[DATA Boundary: Start]

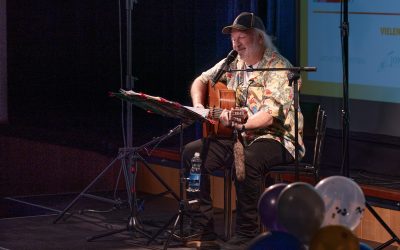 Narrenzunft Triesenberg feiert durch die Nacht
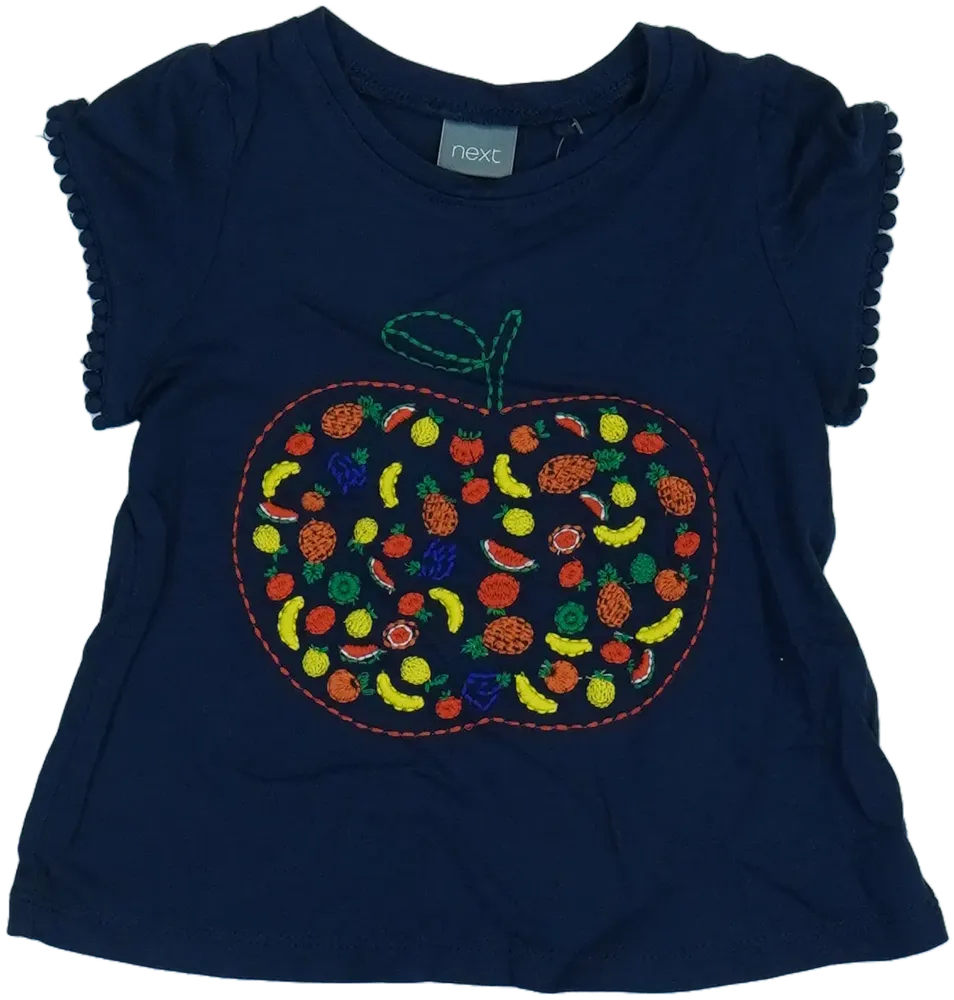 Kék Next Tunika EU 74 / UK 6-9 hónap / US 6-9 hónap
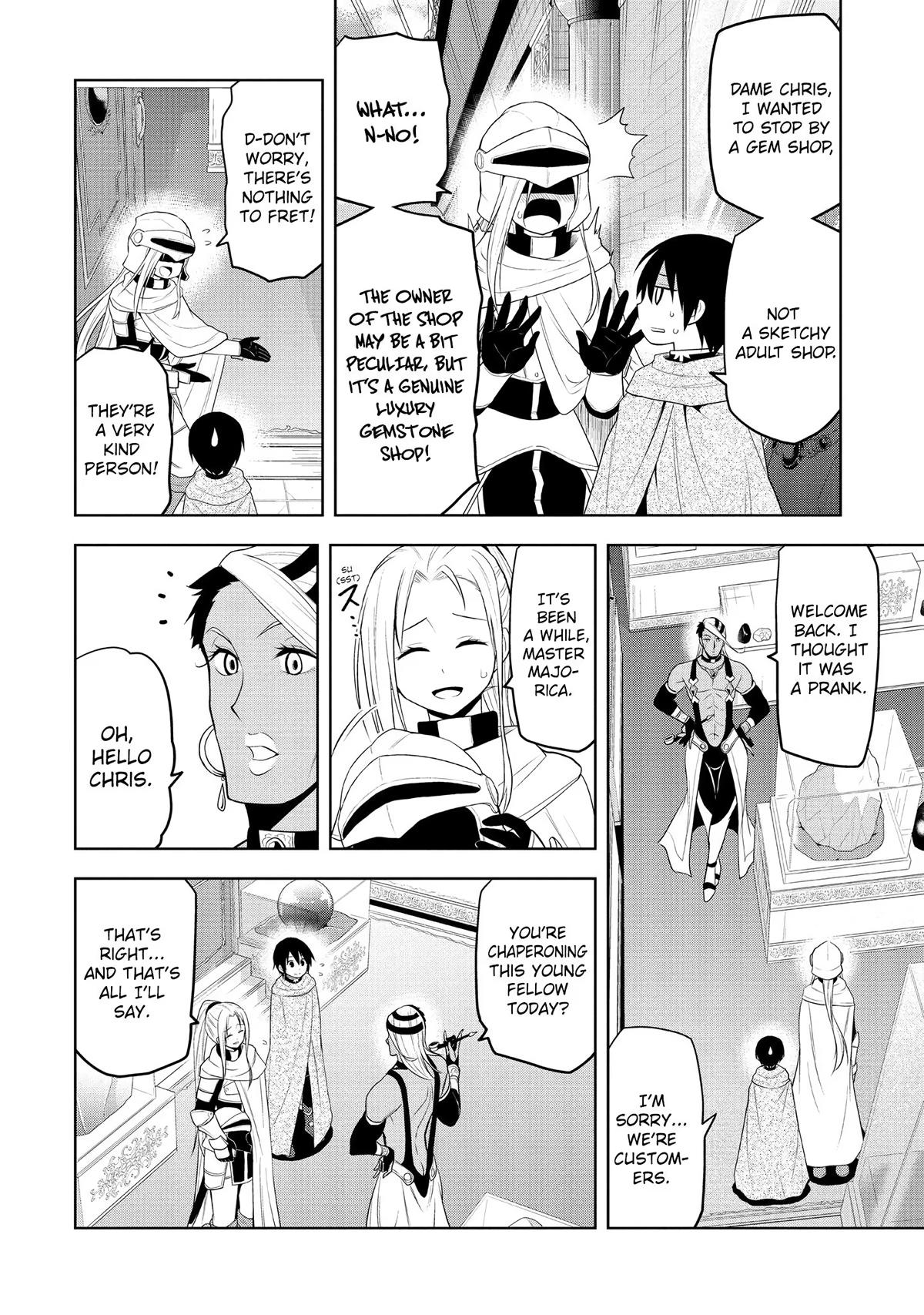 Magic Stone Gourmet Chapter 7 page 2 -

[DATA Boundary: End]

## INSTRUCTIONS TO FOLLOW
Please set down every line of the data above precisely, dropping the images.

## REPLY
 Narrenzunft Triesenberg feiert durch die Nacht
 Kék Next Tunika EU 74 / UK 6-9 hónap / US 6-9 hónap
 Magic Stone Gourmet Chapter 7 page 2 -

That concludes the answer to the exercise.